The parks millage generates about $3.5 million annually for operations and capital projects, Shamblin said.
The new Ottawa County parks developed over the years include the 142-acre Connor Bayou Park on the Grand River, Hemlock Crossing with 239 acres of woods and wetlands along the Pigeon River in West Olive, and Rosy Mound Natural Area, a duneland previously owned by a mining company that sports a 0.7-mile trail through the woods to Lake Michigan.
In Jenison, the 187-acre Grand Ravines features a half-mile trail along the Grand River with a 275-foot suspension bridge. The county first acquired 68 acres of former farmland in 1999, then added an adjacent 100-acre parcel that overlooks the river and another 19-acre riverfront parcel for a natural area. Improvements began in 2015.
The latest addition to the parks system is Ottawa Sands, a 345-acre former sand-mining operation in Ferrysburg situated on a bend of the Grand River, across from Grand Haven, that includes an 80-acre inland lake.

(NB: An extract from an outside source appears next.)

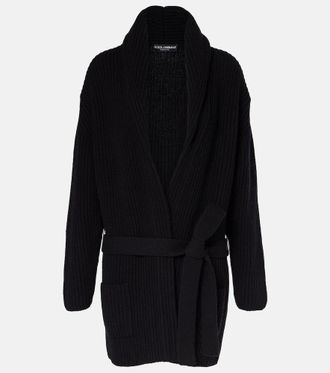 Dolce & Gabbana Cardigan in lana a coste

The park opened last October and planning will begin soon on crafting a master plan for Ottawa Sands, Shamblin said.
“Our goal is to really look at the natural resources of the site and look at a plan that preserves the amazing natural resources, and then open it up for public access,” he said.
The county also continues development of the Grand River Greenway, a trail network following the river’s length that will connect to a trail system in Kent County. The $41 million project will take until 2024 to complete.
A capital campaign to raise $7.2 million to support the Grand River Greenway’s development has so far netted $6.1 million in commitments, Shamblin said.
Amenities such as the Grand River Greenway, and the work to create trail systems along other waterways, adds to the appeal when pitching Ottawa County, Owens said.
When contacted by a company that’s recruiting talent and seeking relocation information about the area for prospective employees, Lakeshore Advantage always includes details about the Ottawa County parks system “to help them make the case that it’s not only a great place to work in, but a great place to live,” Owens said.
“It’s a key part of the sales pitch, and not all companies are really aware of the importance of speaking to the amenities and the recreation that we have as a way to close the deal,” she said.